Father Gabriel pointed at his cigar. “We just saw one of those floating in the sky,” he beamed.

They were lifted up. Little by little, they rose. Even as they did, the sky did not seem to come any closer, but the ocean stretched farther away. The horizon
drew back and vanished. Father Gabriel caught his breath. “It's the top of the world,” he murmured.

“We're very, very high,” Pete agreed.

“It's the top of the world,” Father Gabriel repeated crossly.

“Father, what are we going to do?”

Father Gabriel sighed. “I'm going to go back and face the music and you are going to go off and live your life. It is time. Long past time, I would say.”

Pete looked down. “Where will I go?”

“Home.”

“I haven't got a home.”

“You'll make one.”

“I don't know how.”

“Then you'll do without. Look at all
those people down there. They're doing without. Didn't you see their clothes spread around them on the ground where they slept? You haven't had a home for a long time. We can't live in the world and we can't live anywhere else. Do you want to go on living as a ghost?”

“No.”

“Then what do you want?”

“I want not to want.”

An airplane crossed the sky above them.
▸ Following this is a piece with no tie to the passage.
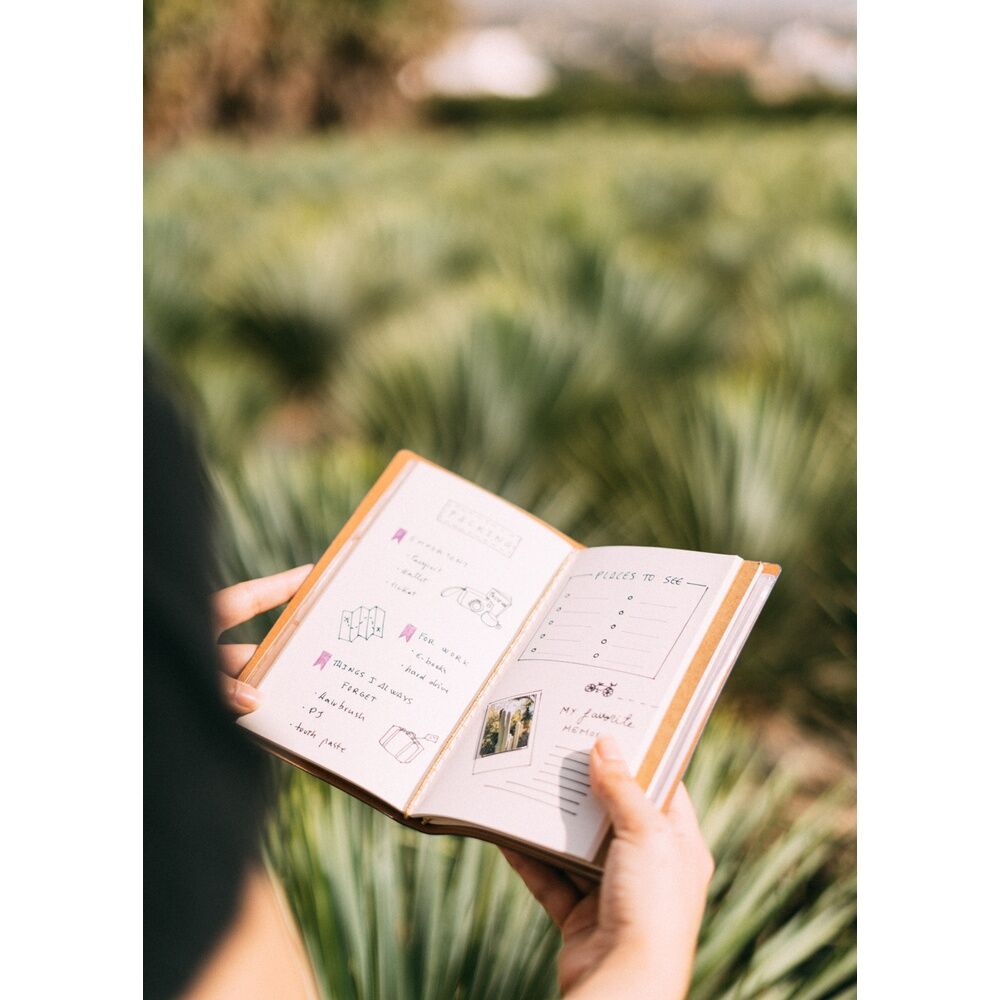 Imagen de Cuaderno De Viaje Astral parte de nuestra colección en Espadas y más, sitio oficial.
It went higher and higher, then turned on its wing, circling back. Its movement was slow. Its sound was swallowed by the throb of the sea.
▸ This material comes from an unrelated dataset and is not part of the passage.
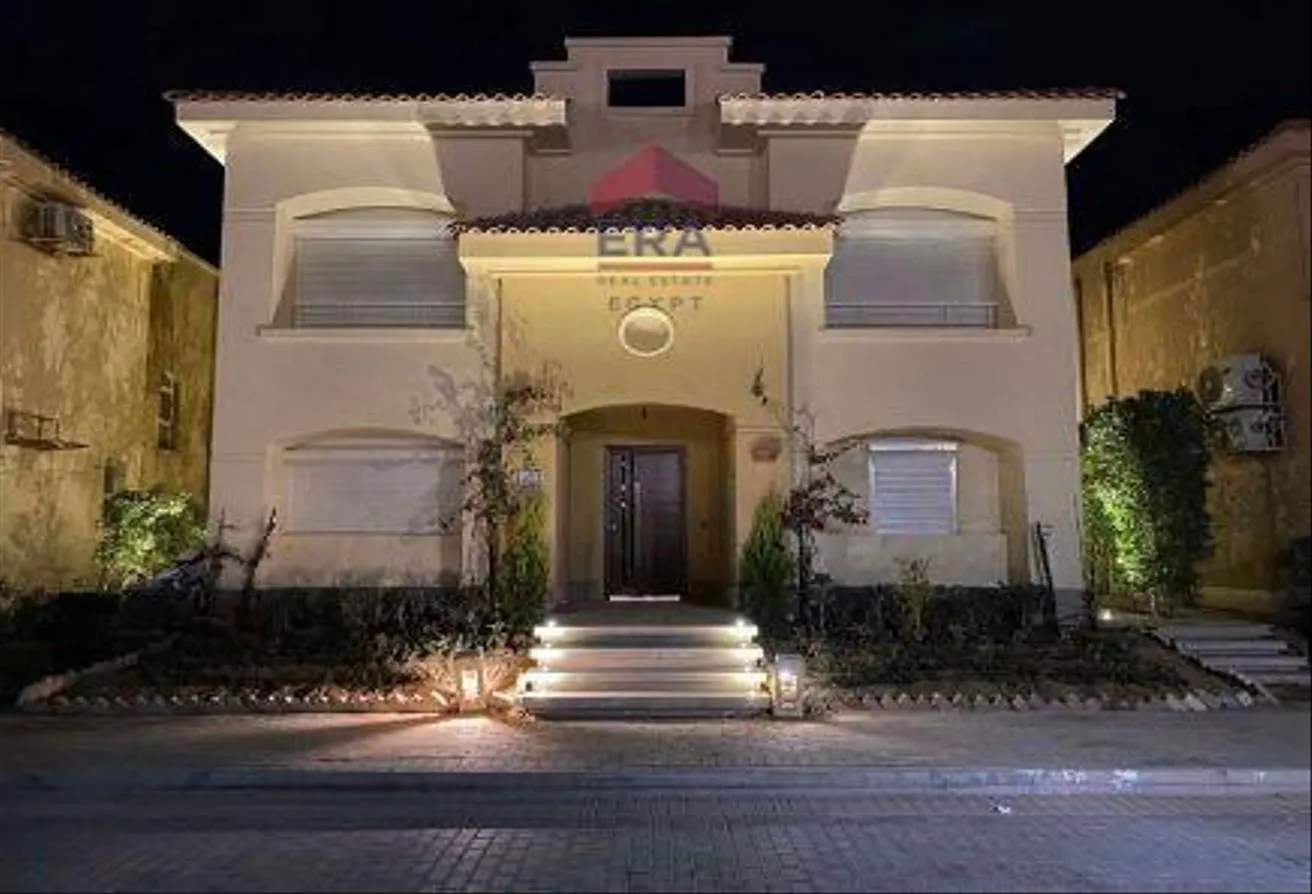 Sale in Telal Al Sokhna: Villa / for sale Beach Front /Telal Sokhna.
“Brother Dominic, you know,” said Father Gabriel, “is the only one who ever comes to confession these days. Isn't it odd? I sit hunched in that booth twiddling
my thumbs, and he is the only one. And he is quite the little blabbermouth, I must say.”

Pete met his eyes. “Then you know.”

“If your question is how long can one live without revelation, the answer is forever. ‘He fashioned all things that they might have
being
.' If you have to remember any of it, remember that. And now there is one last thing I have to tell you.”

Father Gabriel told him what it was. It changed everything. Pete knew what he would have to do. His heart opened. It was as if he had the ocean inside him. Yet he was also filled with rage. He wept, and Father Gabriel took him in his arms.

“You should have told me before,” said Pete. “All this time I've lost.”

“I'm terribly sorry, my boy. I haven't been in my right mind for years. Please forgive me, Pete.”

“Why didn't you tell me before?”

“I'm telling you now,” said Father Gabriel. “We have to start somewhere.”

On the way back to the Jeep, they weaved through crowds along the boardwalk. Sellers spread their wares out everywhere. There were blankets across the ground covered with polished shells and charms for sale, bins and easels filled with colorful drawings, musicians playing their many different instruments in
a babble of music that almost drowned out the sound of the sea. A little girl with a ponytail was sitting at a plain folding table. On the tabletop were a little red plastic tube and a square of cardboard. The girl sat with her hands folded on the table in front of her.

“What is it that you are selling, young lady?” asked Father Gabriel.

“Oops. I forgot,” said the girl. She picked up a small pink purse from the ground beside her and set it on the table. She unsnapped its bright gold clasp. The only thing inside was a roll of tape. The girl leaned forward and taped the piece of cardboard to the edge of the table so that it hung down in front. In red magic marker, it said, GLIMPSES OF INFINITY—
one dollar
.

“You are selling glimpses of infinity?”

“That's right. Would you like one?”

“Very much so.”

“One dollar, please.”

Father Gabriel placed the bill into the empty purse. The girl handed him the red tube. It had little plastic see-through circles at each end. They were smudged with fingerprints. Father Gabriel peered into one end of the tube.

“That's the wrong side,” said the girl.

Father Gabriel turned the tube around.

“You're still doing it wrong. You've got to hold it up.”

He did. He looked into it for a long time, his face slowly changing. “Oh my,”
he said. “Oh my. I never dreamed.” He handed the tube to Pete. All Pete saw were two straight lines, very close to each other. But as he watched, they grew even closer, without seeming to move at all, until bit by bit there was only a single line. Then, very slowly, the line disappeared, and all Pete was looking at was an empty circle in a wash of yellow light.